The McIntyre Family

Our Hayseed Heritage Photo CollageDear young one, once upon a time, a tall, strapping “city boy” from Chimney Rock named Dave, who had a belly laugh and eyes as blue as cornflower, clumsily held hands with a shy, German country girl named Evie, who had soft, cottony, dark hair and a kind, lovely smile that could make even a nun feel ashamed of herself, for she was so good.  These two, oh, these two.  Sigh… they were in love, and they dreamed of the good life that is not often pursued by the youth of this day and age… a life of faith, of family, of farming, and of building a future, home, and a legacy.

My own memories of our grandparents’ home are of lush, green mountains with thick grass and ancient walnut, oak, and elm trees rolling over them like a lullaby… the luxurious meadows and woody hills on a quiet countryside in Western Pennsylvania.  I picture a haze hanging low and bluish-purple underneath the summer sun that warms the backs of our grandparents hunched over in an overgrown garden of red, orange, and green tomatoes and golden-yellow snap beans.  And there are whispers… the whir of a breeze through hickory and maple branches, the slapdash swaying of cow tails, the flutter, plucking, and clucking of chickens, and the snip-snaps, chitter-chatter, and whine of rusty chains as my mother and aunts pinch beans on the porch swing.  There is a quieting aura of love and protection in this refuge, this McIntyre Hollow, and it is the place our people gathered after a hard day of work, a busy week, or at the end of a broken dream.

The McIntyre Farm was in Duncansville, Pennsylvania, a rural area west of Harrisburg, and all of life in our family sprang from it.  Food and family were intertwined.  We grew, harvested, and prepared food together, always together.  The culmination of all of these activities was eating (yea!).  A large painting of Christ’s Last Supper hung above the main table, so that as we laughed, told stories, and ate, we would always remember that the ultimate feast was not without sacrifice, and that it was by the Grace of Christ that we could work, eat, and live.

 

Farm life revolved around the seasons, and in the Spring, it brimmed with new life as we watched calves being born, mares protectively nursing new colts, chicks cracking out of their shells, and baby bunnies snuggling together against their mamas.  Spring was also a time for planting, and the boys rode the tractor with Pap-Pap as he plowed and planted corn, potato, tomato, onion, red beet and cucumber fields.  Grandma and her girls would start cleaning jars to get ready for canning, as there were hundreds of them.  The canning shelves would be wiped and cleaned to prepare for new storage, and the boys would sweep the barn to make room for new hay.
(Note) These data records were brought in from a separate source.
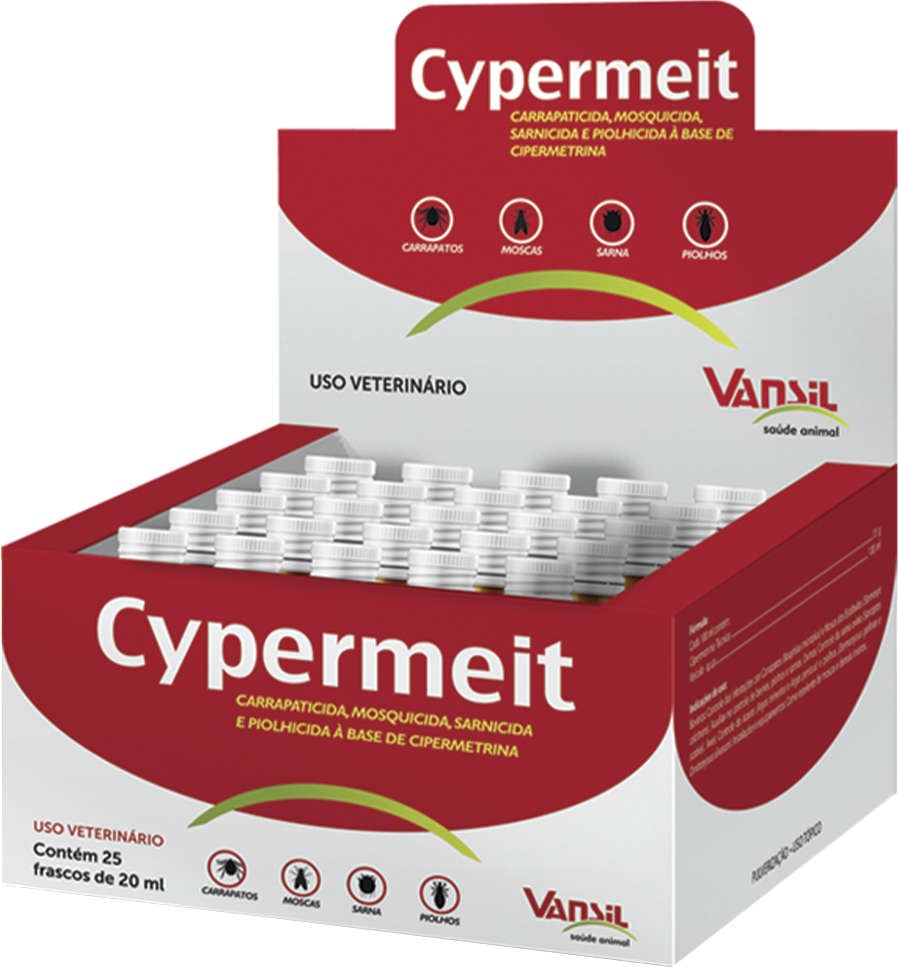 Cypermeit Vansil Frasco - 20 mL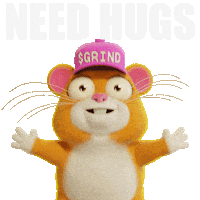 Hugs Sticker by Grind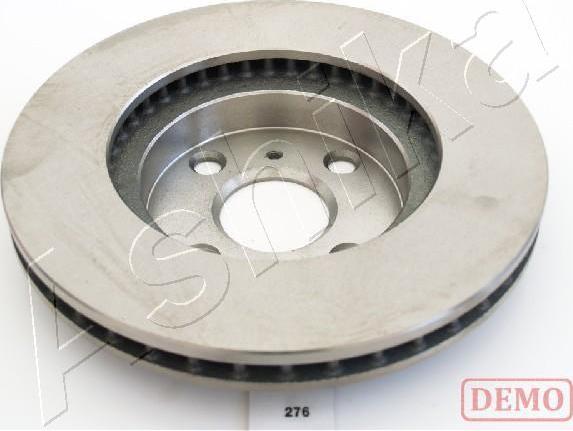 Ashika 60-02-276C - Bremžu diski www.autospares.lv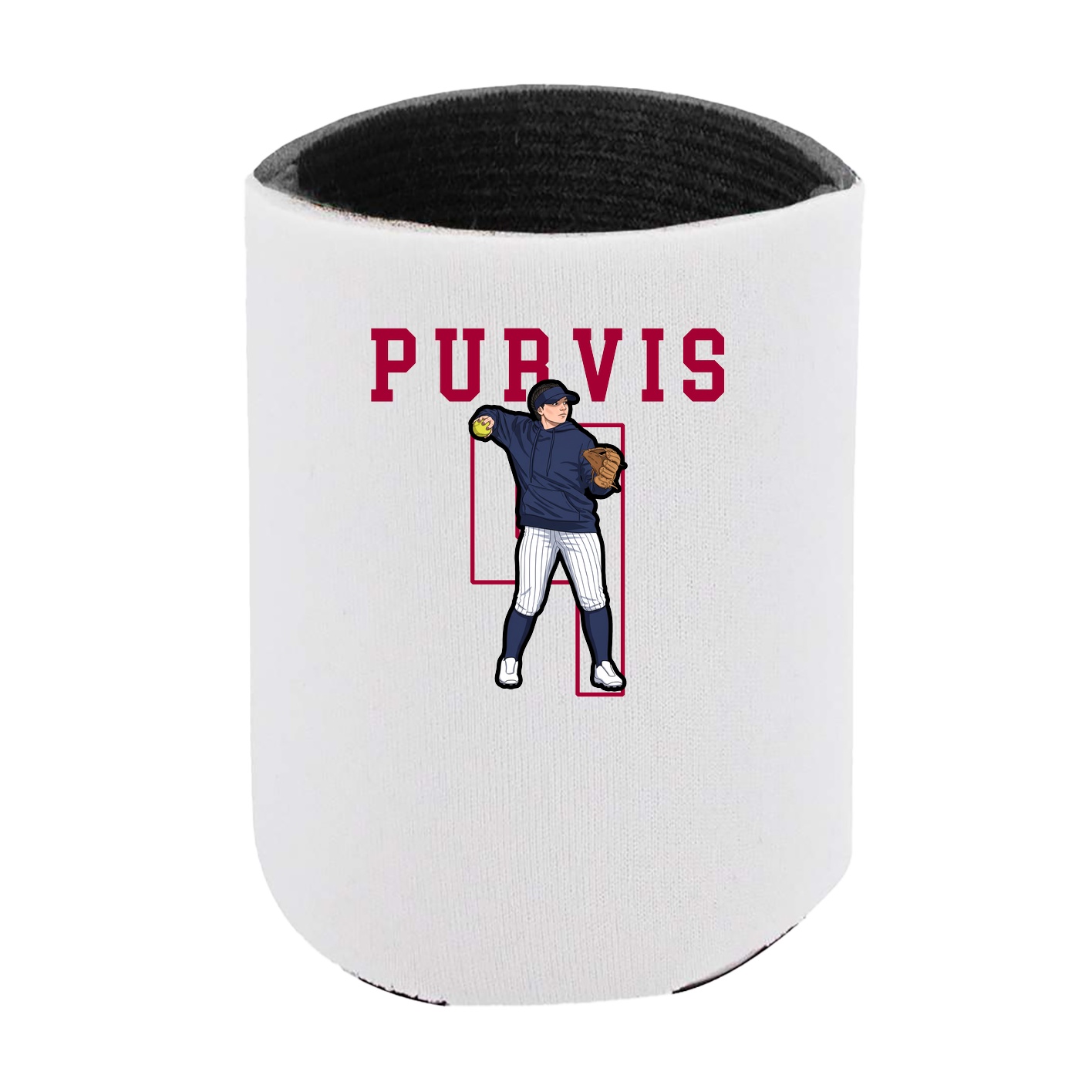 Can Holder — Shirsey in White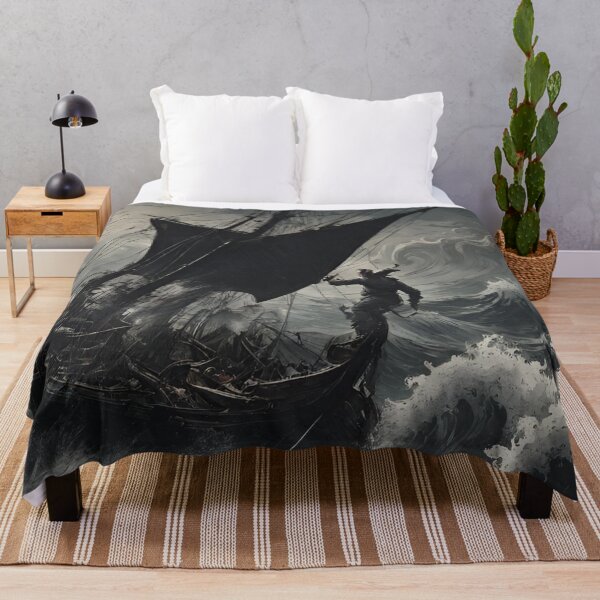 Item preview, Sea devil on board during sea storm designed and sold by SeamanWorkshop.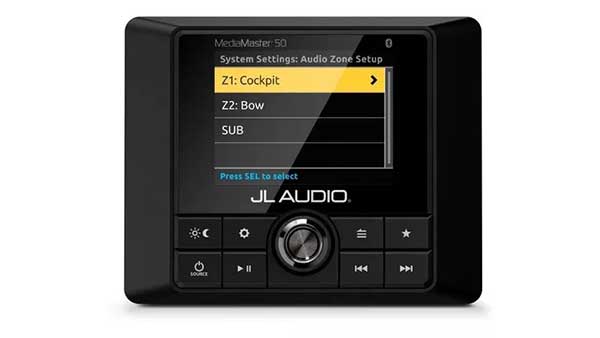 Reproductor de Medios Marino JL Audio MM50 JL Audio MM50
Summertime was hot in that part of the country, with temperatures reaching 90-100 degrees, often with 100 percent humidity.  But from the clumsy two-year-old with a plastic sandbox rake to the strapping, muscular teenager, to the oldest hunch-backed woman with a shovel, our family worked and sweated together to hoe and weed the fields.  In the evening, there was Supper, with fresh strawberies for weeks… the first of the Summer Harvest.

Mid-July was Berry-Picking Time.  We braved the thickets of Pap-Pap’s woods in groups of four dressed in long pants and shirts (and often boots and winter hats) to avoid being cut by thorns or stung by hornets.  Even the little children filled their cleaned-out and “worshed” butter tubs, making berry picking a game of hide-and-seek, as they lifted barbed branches to find clusters of juicy raspberries or blackberries.
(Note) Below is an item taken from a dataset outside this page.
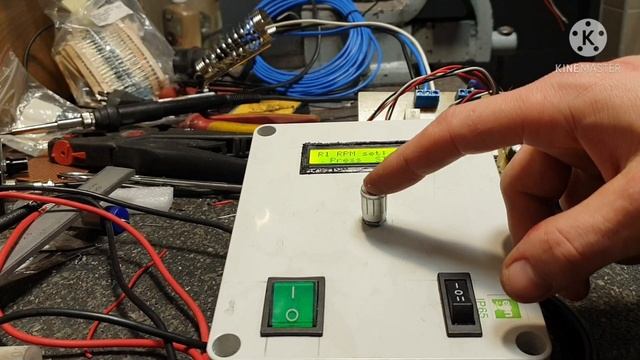 Compact under table Sand Belt Grinder - Part 2 AC motor controller (washing machine motor) смотреть онлайн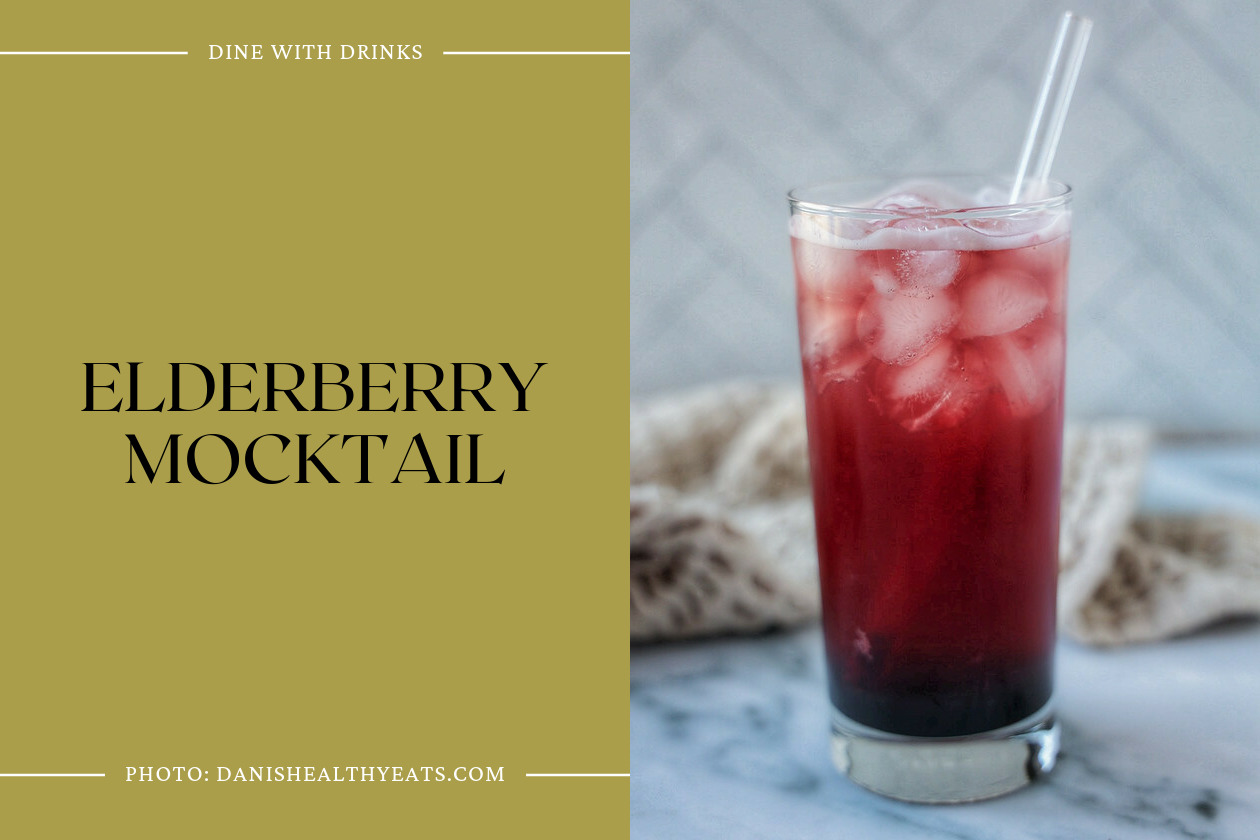 Elderberry Mocktail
Of course, with all of those berries, there was jelly to be made.  As with every harvest, this was an event!  All of the relatives came to Grandma’s and sat on the porch, in the cellar, and in the kitchen to prepare strawberries or berries for jelly making.  The women told stories to the girls about when they were young and the men would laugh and tell jokes and stories about eachother.  Meanwhile, we children ran in and out of the house sneaking handfuls of berries, staining our faces and clothes, proof that we were redneck and purple-fingered little thieves!

Indian Summer was Big Harvest Time.  Our uncles would ride on the back of the hay wagon and buck hay while Pap-Pap drove the tractor.  Back at the farmhouse, our aunties were busy with the vegetables and fruit.  The potatoes and onions were stored in “the cave,” which was a room at the back of the house that was built into the side of a hill.  It kept foods (like potatoes and beets) cool and dry, and was also the place where Grandma stored the hundreds of jars of canned foods, which, even we children would help to prepare.

It took weeks of non-stop picking, cutting, and pressure-cooking to pickle, pack and freeze all of the farm’s produce.  This required the hands of all of our Grandparents’ children, children-in-law, grandchildren, 2nd cousins twice-removed, and innocent by-standers.  The entire months of August and September were spent on Grandma’s porch sorting produce, paring flaws of fruits and vegetables, and snapping beans from the time morning chores were over to well after the first star twinkled.  We drank lemon Kool-Aid with ice out of Mason jars, listened to stories, and were together as a family, as a unit, and as our own culture, believing that the way we lived was the ONLY way to… to reallylive.